Mehr als 90 Prozent der niedergelassenen Ärzte belastet das Ausmaß der Gesetzgebung im Gesundheitswesen und die Einflussnahme der Krankenkassen (19). In den westlichen Ländern nahm die Autonomie der Ärzteschaft ständig ab (6). Daraus resultieren zunehmende Vorschriften, Kontrollmechanismen und Qualitätssicherungsmaßnahmen, die die ärztliche Eigenkontrolle erodieren. Das widerspricht den Erwartungen der meisten Ärzte nach sinnvoller und selbstständiger Arbeit. Ärzte haben in der Regel den Willen, sich selbst Höchstleistungen abzuverlangen, und sie übernehmen die Verantwortung für das Leben anderer Menschen. Über lange Zeit wurden die Ärzte immateriell („Halbgötter in Weiß“) und materiell für den höchst verantwortungsvollen, gesellschaftlich unabdingbaren und persönlich belastenden Beruf entschädigt. Das soziale Polster federte vieles ab (19). Von einer angemessenen Vergütung der hoch qualifizierten Tätigkeit kann heute keine Rede mehr sein – eine weitere Diskrepanz zwischen ärztlichen Erwartungen und Realität.
Eigene Bedürfnisse achten
Die Gesundheit der Bevölkerung wird fast ausschließlich mit ökonomischen Interessen verknüpft. Auf diesem Altar wird das ärztliche Tun über Regulierungen und Bürokratisierungen geopfert, obgleich die Qualität und die Bedeutung der menschlichen Zuwendung nicht ökonomisierbar sind. Case-Management erhöht die Burn-out-Quote der Ärzte deutlich, wie Erfahrungen aus den USA seit fast einem Jahrzehnt dokumentieren (2) – ein Grund mehr, das Verhältnis zwischen Ärzten auf der einen Seite und Politikern und Krankenkassen zu reevaluieren und auf eine partnerschaftliche Basis zu stellen (6). Daneben ist den Patienten eine deutlich höhere Eigenverantwortung für ihre Erkrankungen zu geben. Weiterhin sollten Medizinstudenten bereits während ihres Studiums lernen, wie sie sich selbst aufbauen und eigene Ressourcen erneuern. Ärzte müssen lernen, unabhängig von ihrer Berufsausübung ihre persönlichen Bedürfnisse zu achten und zu schätzen (21).
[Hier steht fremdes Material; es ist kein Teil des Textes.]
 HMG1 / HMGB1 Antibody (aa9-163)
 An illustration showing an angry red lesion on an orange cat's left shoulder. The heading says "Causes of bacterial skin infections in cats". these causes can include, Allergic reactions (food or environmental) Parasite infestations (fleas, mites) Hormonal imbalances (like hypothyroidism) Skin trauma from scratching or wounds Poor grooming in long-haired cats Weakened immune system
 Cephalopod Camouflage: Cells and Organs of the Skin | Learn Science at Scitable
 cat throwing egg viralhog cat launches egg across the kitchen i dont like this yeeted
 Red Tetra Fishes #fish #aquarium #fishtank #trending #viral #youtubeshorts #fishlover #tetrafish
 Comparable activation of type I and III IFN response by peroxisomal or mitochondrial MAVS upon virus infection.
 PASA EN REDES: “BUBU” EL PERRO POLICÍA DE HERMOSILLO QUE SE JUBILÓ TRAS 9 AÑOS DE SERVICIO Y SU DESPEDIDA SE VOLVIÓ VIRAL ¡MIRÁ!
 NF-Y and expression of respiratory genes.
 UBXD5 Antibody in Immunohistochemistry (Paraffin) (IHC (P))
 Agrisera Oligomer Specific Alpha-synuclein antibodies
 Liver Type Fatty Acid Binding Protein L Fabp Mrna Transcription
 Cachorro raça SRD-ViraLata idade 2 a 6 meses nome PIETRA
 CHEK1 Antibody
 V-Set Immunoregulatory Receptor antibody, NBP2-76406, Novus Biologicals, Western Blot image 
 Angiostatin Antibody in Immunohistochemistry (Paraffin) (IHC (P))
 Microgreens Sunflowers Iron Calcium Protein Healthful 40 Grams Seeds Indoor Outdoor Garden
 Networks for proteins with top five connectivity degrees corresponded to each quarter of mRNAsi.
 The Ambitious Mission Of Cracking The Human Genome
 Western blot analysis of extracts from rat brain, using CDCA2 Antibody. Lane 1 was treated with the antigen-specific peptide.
Burn-out ist die Krankheit des Überengagements. Foto: Caro
Zufriedenheit im Beruf ist der beste Schutz vor Burn-out (11). Viele werden einwenden, dies sei unter den gegebenen Umständen nicht möglich – und dennoch ist es die Aufgabe, selbst daran zu arbeiten. Ärzte müssen lernen, sich eigenes Kranksein zu erlauben (21). Selbstschutz wird Ärzten nicht beigebracht und steht auf der Prioritätenliste ganz unten (12). Problematischerweise beginnen Kollegen und Angehörige erst in weit vorangeschrittenen Stadien des Burn-outs einzugreifen. Dabei gibt es eine Vielzahl von Hilfen (3). Die kraftvollsten und sichersten Veränderungen sind die vom betroffenen Arzt selbst geleisteten (12).
Emotionale Kompetenz oder Intelligenz bedeutet den persönlich richtigen Umgang mit eigenen und fremden Emotionen. Sie wurde 1990 von Salovey und Mayer (20) erstmals benannt, 16 Jahre nach der Erstbeschreibung von Burn-out durch Freudenberger. Ein einheitliches und wissenschaftlich allgemein anerkanntes Konzept für emotionale Kompetenz muss noch entwickelt werden. Über vieles besteht jedoch inzwischen Einvernehmen: Emotionale Kompetenz meint auch die Fähigkeit, mit den Beziehungen zu anderen Resonanz zu erzeugen und Empathie für andere spürbar zu machen. Ärzte mit hoher emotionaler Kompetenz können Begeisterung wecken, für ein spürbar gutes Klima sorgen, die Emotionen anderer und die eigenen verstehen. Es sind Menschen mit hoher persönlicher Integrität und Authentizität. Emotionale Kompetenz bedeutet für den Arzt in keiner Weise, sich dem Patienten anzubiedern, sondern die richtige Balance zwischen der Grenzwahrung und dem Mitmenschlichen zu finden (16).
Die grundsätzlichen Techniken zum Ausbau emotionaler Kompetenz können zwar in kurzer Zeit eingeübt werden (10). Damit sie authentisch ist, sollte im Sinne von learning by doing genügend Zeit eingeplant werden (4). Emotionale Kompetenz hat positive wirtschaftliche Auswirkungen (10) wie bessere Geschäftsergebnisse, geringere Mitarbeiterfluktuation und höhere
-motivation. Bessere Kundenbindung wurde für viele Wirtschaftsbereiche belegt; entsprechende Untersuchungen über das Arzt-Patienten-Verhältnis stehen aus.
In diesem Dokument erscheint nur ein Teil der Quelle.